🖥️ Crushing computers, Delco style | Morning Newsletter
And, how to celebrate Lunar New Year.
The Morning Newsletter
Start your day with the Philly news you need and the stories you want all in one easy-to-read newsletter
🌤️ It’s sunny and cold after a weekend of snow, with highs not even getting out of the 20s. Later, watch out for black ice as anything the powerful sun melts today will refreeze tonight.
📱 For today’s big story, get in. We’re going tech scrap “smashing” in Delco, where a crew crushes old computers and phones from companies into high-tech confetti.
🐯 Get ready for the Year of the Tiger. From dining specials to seeing all the brightly colorful dance costume action, we’ve rounded up the best ways to celebrate the Lunar New Year.
🏀 Bonus: Kerith talked to our sports columnist Mike Sielski about his heartbreaker of a story on the miraculous basketball supernova Sultan Shabazz.

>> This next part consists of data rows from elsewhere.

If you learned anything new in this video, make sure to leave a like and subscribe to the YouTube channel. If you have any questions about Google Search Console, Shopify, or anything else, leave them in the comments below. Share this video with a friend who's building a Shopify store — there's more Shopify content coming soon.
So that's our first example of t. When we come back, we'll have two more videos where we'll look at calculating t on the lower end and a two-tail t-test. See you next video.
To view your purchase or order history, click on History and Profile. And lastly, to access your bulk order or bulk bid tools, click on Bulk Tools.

— Ashley Hoffman (@_AshleyHoffman, morningnewsletter@inquirer.com)
🎤 And now I’m passing the mic to our reporter Joseph N. DiStefano, who wrote today’s top story:
I mostly write about out-of-control public investments these days, but I’m still a sucker for stories about how stuff gets made.

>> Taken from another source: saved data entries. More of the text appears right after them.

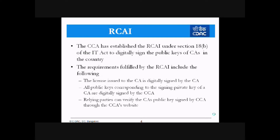Following are the requirements to be fulfilled by the RCI. First, the license issued to the CA is digitally signed by the CCA. All public keys corresponding to the signing private key of the CA are digitally signed by the CCA — that is, the public and private key pairs of the CAs are digitally signed by the CCA's private key. Relying parties can verify the CA's public key signed by the CCA through the CCA's website, and these certificates can also be found on the individual CA's website.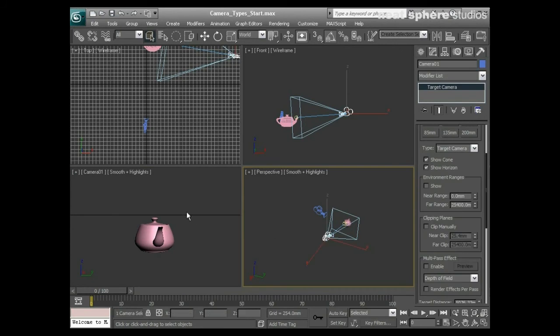The horizon line is incredibly useful for camera matching. You would be surprised how many professionals start off planning elaborate camera matching workflows and then really just rely on this one black line to line up their photographs correctly. It's quite surprising — it's incredibly useful and a great cheat.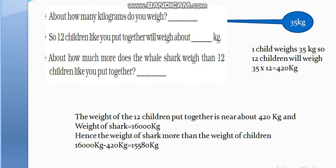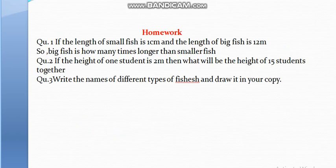I hope you understand this topic. Now I am giving you some questions to solve at home. This is the homework for you — three questions to solve in your copy. Question 1: if the length of a small fish is 1 cm and the length of a big fish is 12 m, how many times longer is the big fish than the smaller fish? Question 2: if the height of 1 student is 2 m, what will be the height of 15 students together? Question 3: write the names of different types of fishes and draw them in your copy.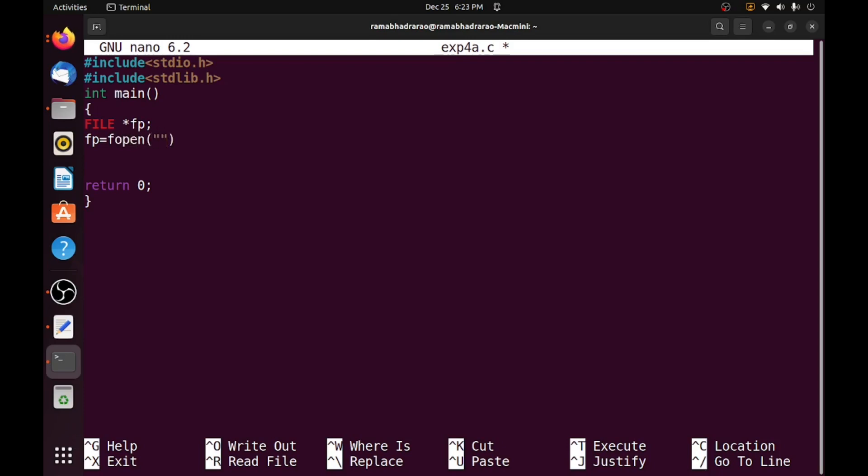One is the file name, so myinfo.txt is the file name and I am opening in read mode, so r. So my file is opened. I need to check whether the file is properly opened or not.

Last summer I got a call from Joe Connors, who smashes stuff — laptops and smartphones. He claimed his smashers are in big demand. Now that everyone is working from home, their big data piles up on tiny chips, and hackers sift trash looking for info gold. So I drove to his windowless place in Delco.
There were racks of pre-smashed equipment labeled Comcast and DuPont, Penn and Jefferson, Wawa and PayPal. Plus smashers custom-built by his company, CyberCrunch, to turn those mini-libraries into confetti, worth 26 cents a pound after they’ve pulled out the gold. Connors told a good tale, but owners always do. I waited till I found big users willing to talk for the record, and ID’d the buyers who recycle what’s left over. And I learned that Philly, where computers were invented, is now a leader in junking them.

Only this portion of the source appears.